A week of blogging. Ingredients of basic distribution-analysis with Mahout ? Hadop debugging via simple log service. Missing New York. Reflecting on current state of information security. Jetty-based hadoop log service in 10 minutes. Maven made simple app development as a brick-packing. Trivial codebase mixing with direct pushes to local repo. Unfortunately, adding dependencies to complex maven hierarchy can be challenging. Used to Maven copy-dependencies to lib/ , totally forgot about Hadoop ways and put-it-all-in-task jar paradigm. Oh, well. We're good now.
Betrayed by the data. Creating algorithms that promise data-magic can be quite ungrateful at the payday. Don't commit to results. Get outlook estimates fast. Always keep the pessimistic edge. Checking out multipart MIME in support of http streaming work.
Iterating on Mahout design. Cabernet taste. Simple distribution statistics task in progress. Moving to 2-space indent. Going for hadoop-free mahout tasks. Interesting set of *Job interfaces, not sharing anything but runJob() convention. The chaos of dfs files management. Can't run two processes in parallel. Summoning trouble. DFS might allow concurrent access, but code usually doesn't. Visualizing general tree-like code architecture.

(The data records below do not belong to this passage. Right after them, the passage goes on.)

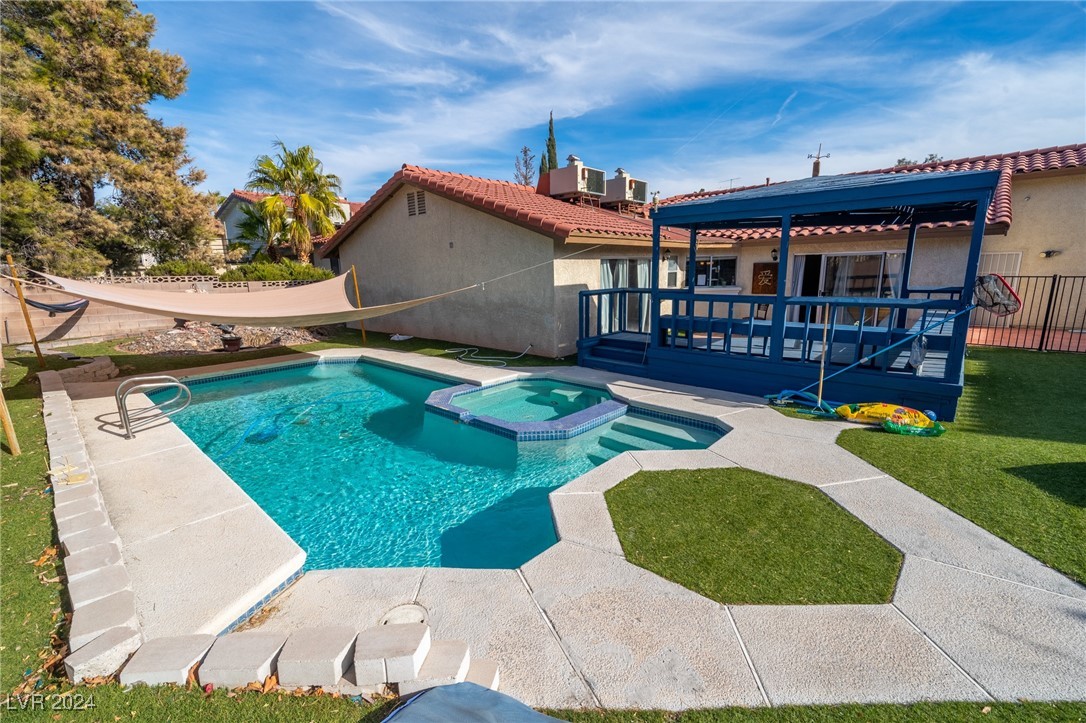 1408 Dolomiti Drive, Las Vegas, Nevada image 3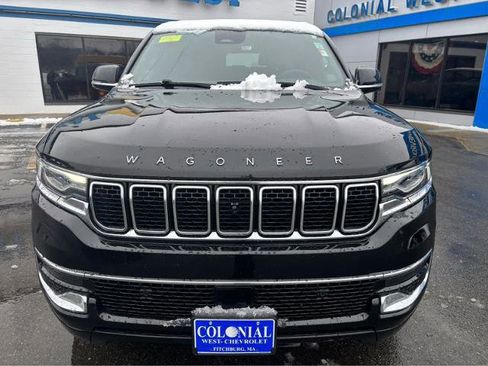 Used 2023 Jeep Wagoneer 4WD w/ Premium Group I image 16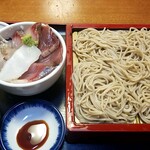 神田・むら治屋 - もり＆海鮮丼：890円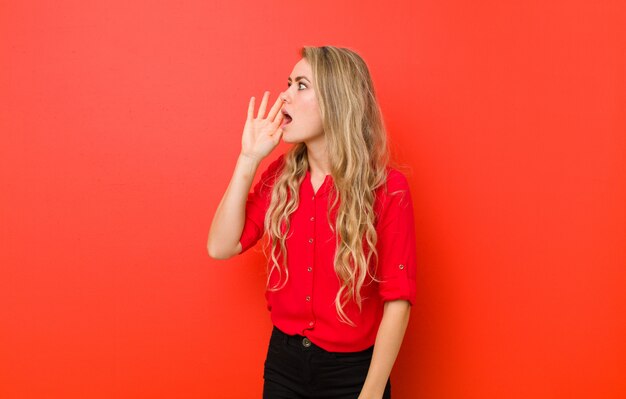 portrait d'une femme sur fond rouge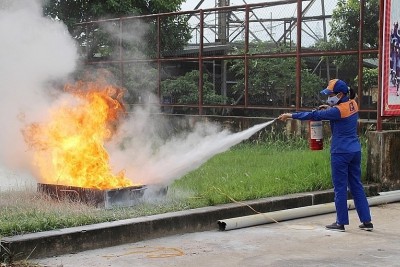 Đám cháy xăng dầu nên sử dụng thiết bị phòng cháy chữa cháy nào?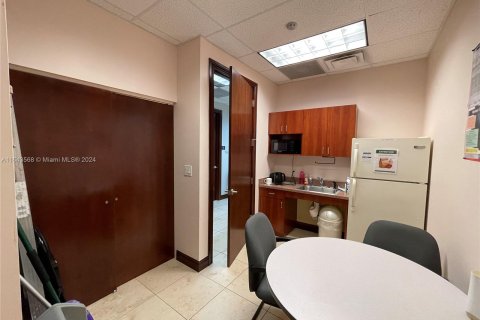 Commercial property in Tamarac, Florida № 1325627 - photo 22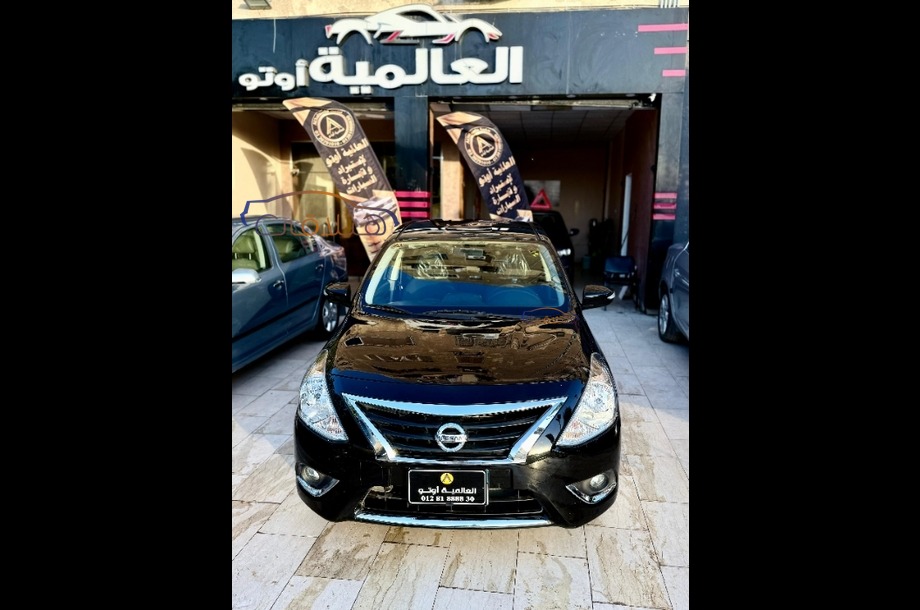Sunny Nissan Black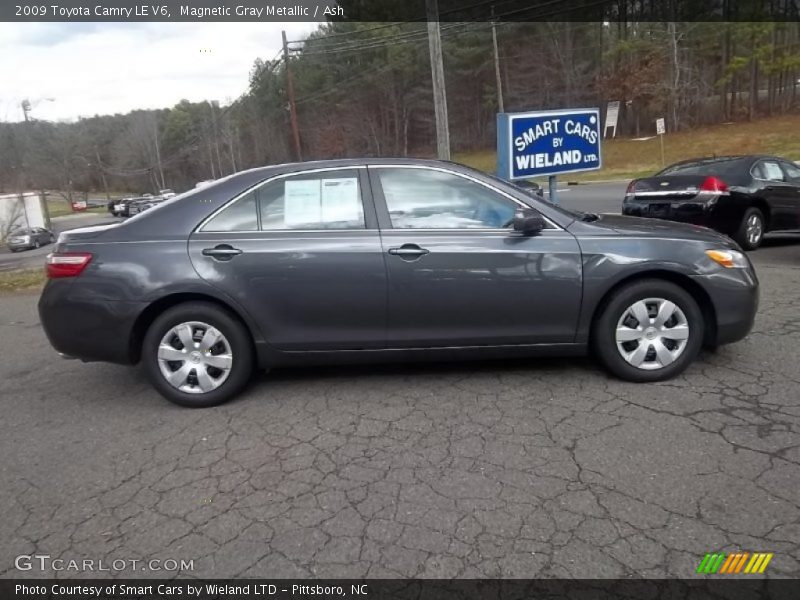 Magnetic Gray Metallic / Ash 2009 Toyota Camry LE V6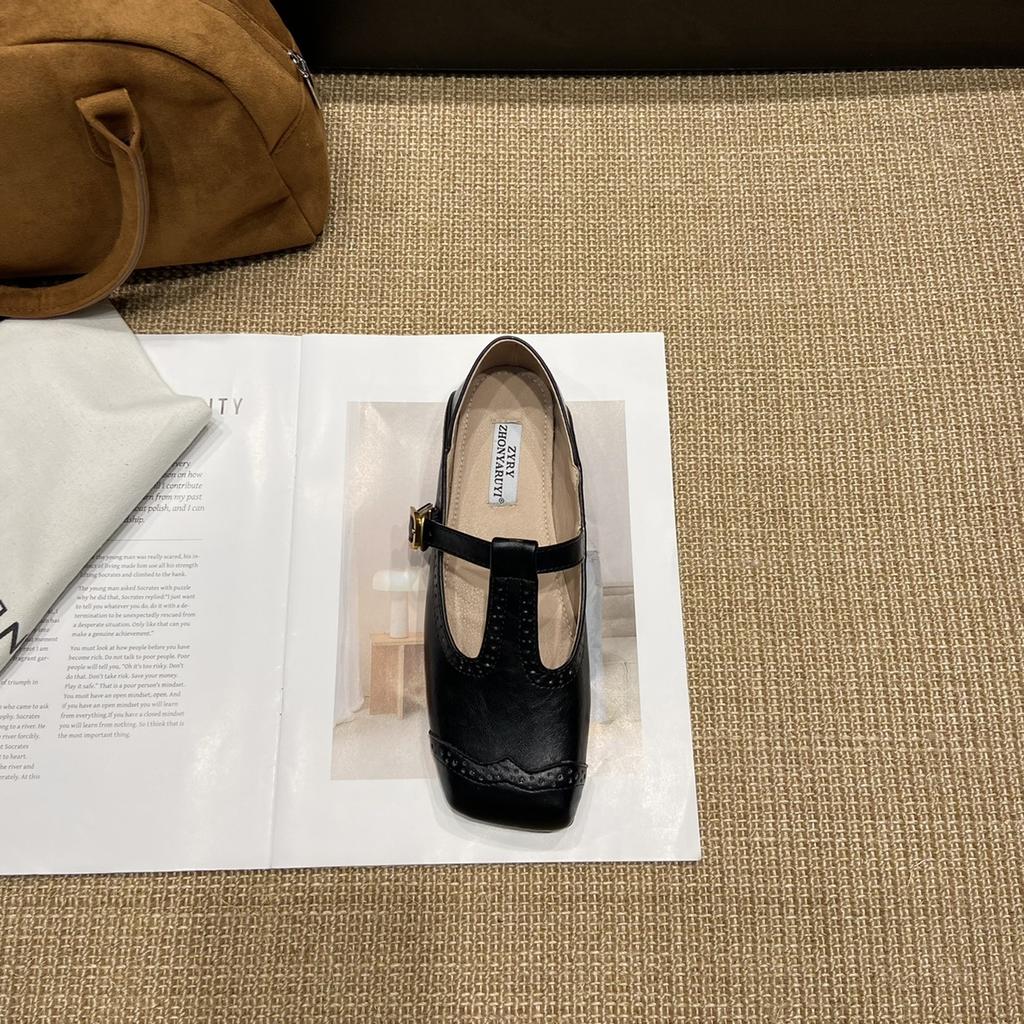 Retro Carved Square Head Niche Design Single Shoes Flat-soled Small Leather Shoes Women Niche Design French Mary Jane Single Shoes Women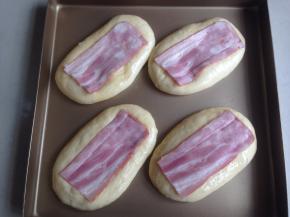 发酵好的面包坯放上培根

Mahout-157 Frequent Pattern Mining using Parallel FP-Growth. Interesting. Machine Learning in Computational Finance, Victor Boyarshinov PhD thesis. Interesting overview of optimal trading strategies training and optimal separation learning. However, in practice, all of the useful topics actually fall under "Computational Statistics" umbrella.
Time. Ticking away.